Dorfkapelle
Fritz W. Franzmeyer
Die Dorfkapelle
Die Aulhauser hatten ihre Aue, die Barkhauser den fruchtbaren Lößboden. Der war allerdings auf den recht schmalen Streifen zwischen Berg und moorigem Grund nördlich des „niederen Feldes“ beschränkt. Barkhausen mit seiner größeren Zahl von Höfen musste deshalb weit an den Rand des Berges vorrücken, um genügend Ackerland zur Verfügung zu haben. Es nahm dafür in Kauf, dass sich nach Gewittern und Schneeschmelze die Wege des Ortes zu Betten von Sturzbächen verwandelten. Der Kapellenweg war noch bis gegen Ende des 19. Jahrhunderts eine Art Hohlweg. Nur der Dorfanger lag erhöht auf einer Sandablagerung und war vor den häufigen Fluten geschützt. Auf ihm wurde die alte Kapelle errichtet. Es ist nicht unwahrscheinlich, dass sich hier Jahrhunderte zuvor der Gerichtsplatz befand.
Warum die Barkhauser Dorfkapelle errichtet wurde, ist auf dieser Webseite unter “Wie die Barkhauser Dorfkapelle entstand” nachzulesen. Die Wahl des Standortes wird mit dessen ortsgeschichtlicher Vergangenheit und der zentralen, erhöhten Lage inmitten eines Gewirrs von Dorfgassen zu tun haben, das heute nur noch zu ahnen ist. Wann sie entstand, ist nicht genaue bekannt und war lange umstritten. Das Denkmalamt taxiert sie auf Mitte des sechzehnten Jahrhunderts, etwa zwischen 1530 und 1550. Mit Sicherheit gab es eine zweite Bau- oder Umbauphase um 1640. Da wurde z. B. die von außen über eine Treppe zugängliche Empore eingebaut. Auch wurde ein achteckiger, schiefergedeckter Glockenturm mit kleinen Schallöffnungen aufgesetzt, der oben in eine Spitze ausläuft.

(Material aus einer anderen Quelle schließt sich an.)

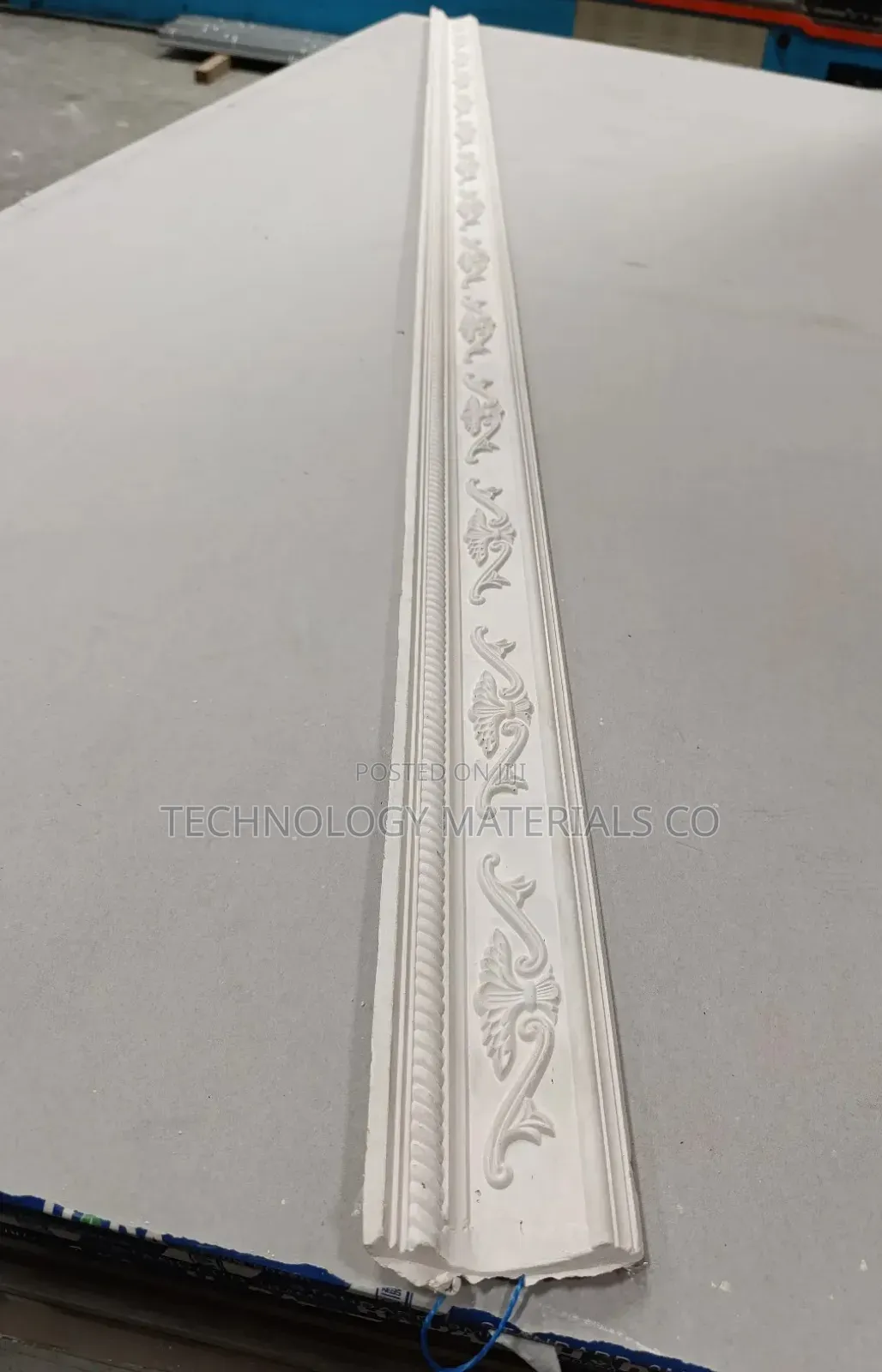 Gypsum Cornices(With Floral And Scrollwork Design),4 Inches.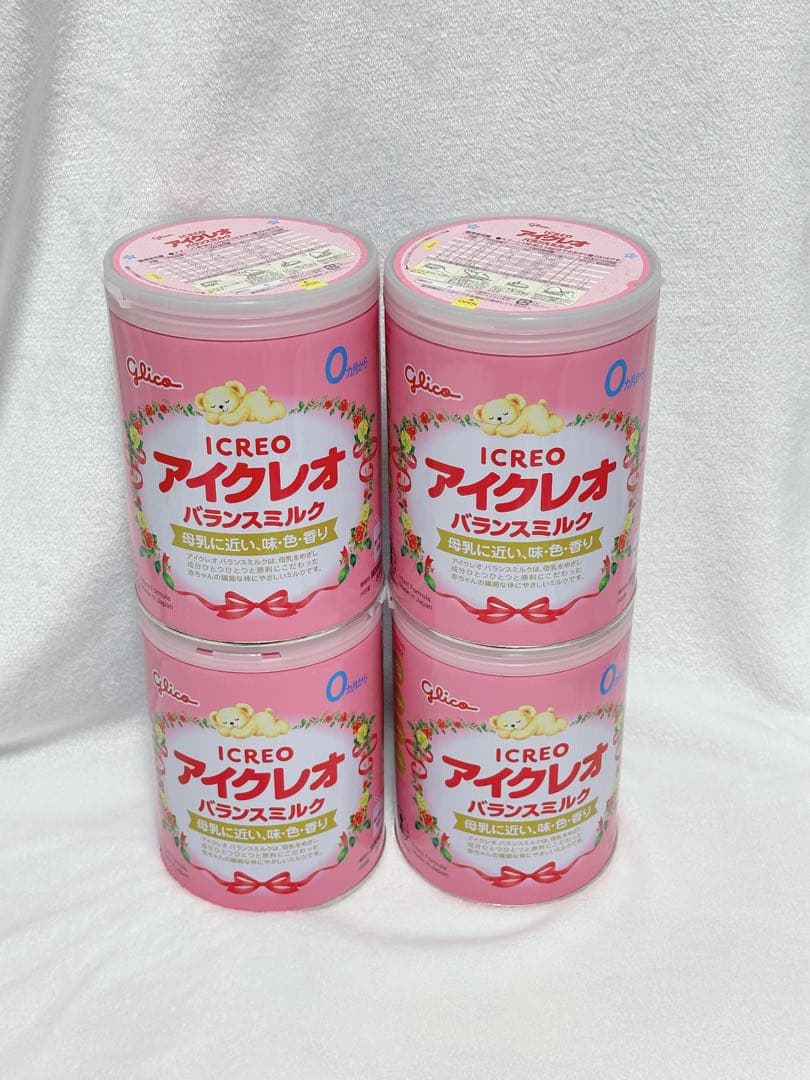 新品 ICREO アイクレオバランスミルク800g4缶セット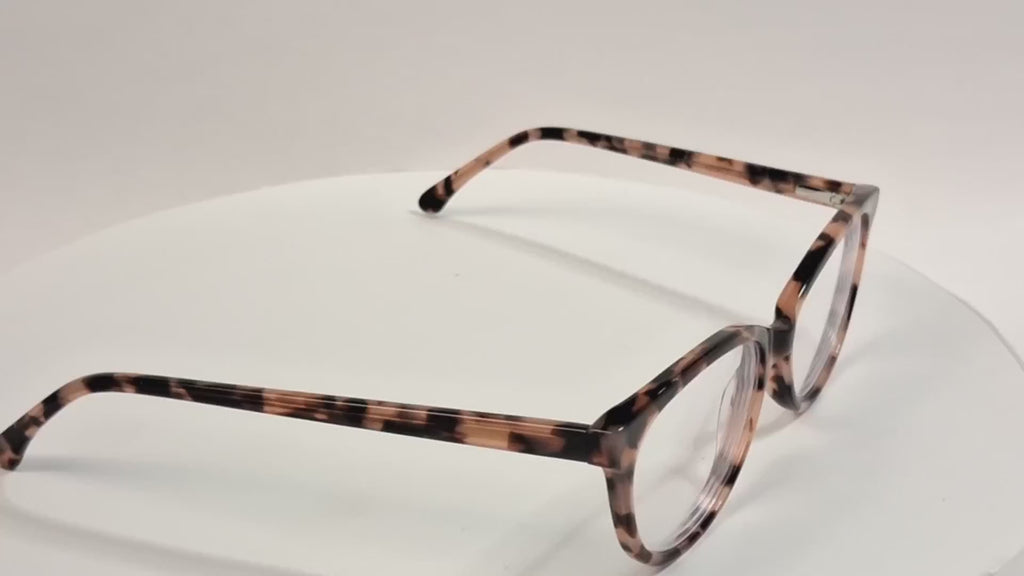 Kirkland Signature Gilbert Pink Tortoise Cat Eye Eyeglass Frames - Video 1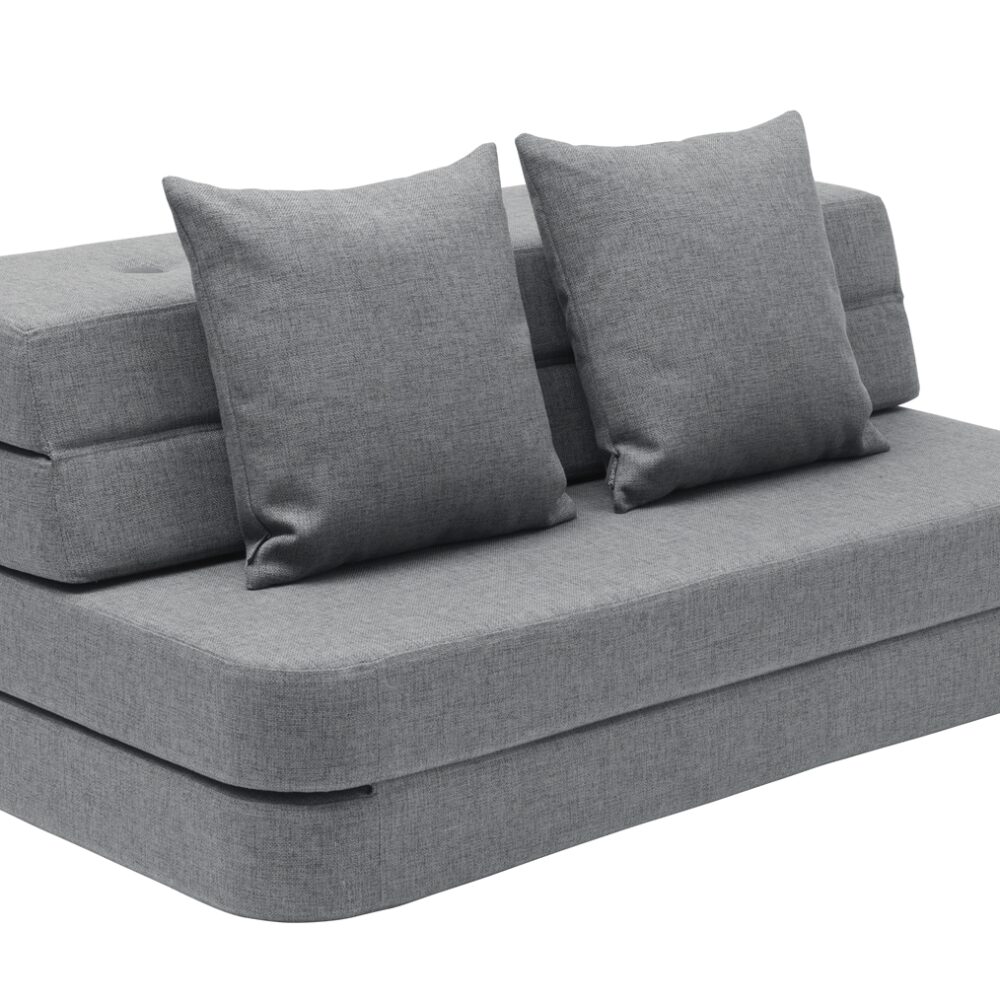 BY KLIPKLAP 3 FOLD SOFA - BLUE GREY/GREY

Die Kapelle wurde ein schlichtes, mit ihren hoch gelegenen Fenstern wehrhaft anmutendes Bauwerk aus Porta-Sandstein. Leider wurde die alte Glocke 1942 zu Kriegszwecken eingeschmolzen. Im Verlaufe des 18. Jahrhunderts drohte das Gebäude mehr und mehr zu verfallen, wurde aber 1927/28 grundlegend restauriert und feierlich neu geweiht.
Zu einem heute nicht mehr bekannten Zeitpunkt stattete man die Kapelle mit einem großen Altargemälde in Öl aus, das die Beschneidung Jesu zeigte und künstlerisch wertvoll gewesen sein soll. Besonders der Kopf des Hohenpriesters Simeon soll sehr ausdrucksstark gewesen sein. Dieses Bild wurde 1821 ans Mindener Marienstift verkauft. Leider ist dort nichts mehr über den Verbleib bekannt. Doch auch der noch vorhandene, geschnitzte spätgotische Flügelaltar ist ein wertvolles Kunstwerk. Das verwitterte Mittelstück musste allerdings im Jahre 1955 neu nachgeschnitzt werden. Außer diesem Altar enthält die Kapelle noch wertvolle alte Inschriften an den Balken der Empore.
Neben ihrer genauen Entstehungszeit gibt unsere Dorfkappe dem Besucher, der sie von außen betrachtet, noch ein paar weitere Rätsel auf. Da ist zunächst die Inschrift auf einer Steinplatte auf dem kleinen Friedhof an der Kapelle. Sie zeugt von der Tragödie, die einem jungen schwedischen Offizier und Edelmann mit seiner jungen Frau hier in der Fremde widerfuhr, wohin ihn der Dreißigjährige Krieg verschlagen hatte. Es ist eine Grabsteininschrift. Kann man sie in ihrem von Wind und Wetter ramponierten Zustand überhaupt entziffern, so erfährt man, dass Anfang Dezember 1639 “die hochedelgeborene großehrende tugendreiche Anna von Pless des hochedelgeborenen und strengen Herrn Wilhelm OG S königl. Majest. zu Sweden hochbestalter Obersten liebliche Hausfrau sanft und selig im Herrn entschlafen ihres Alters im 20 Jahr”. Offenbar hatte sie die Geburt ihres Sohnes nicht überlebt, ebenso wie dieser Sohn selber.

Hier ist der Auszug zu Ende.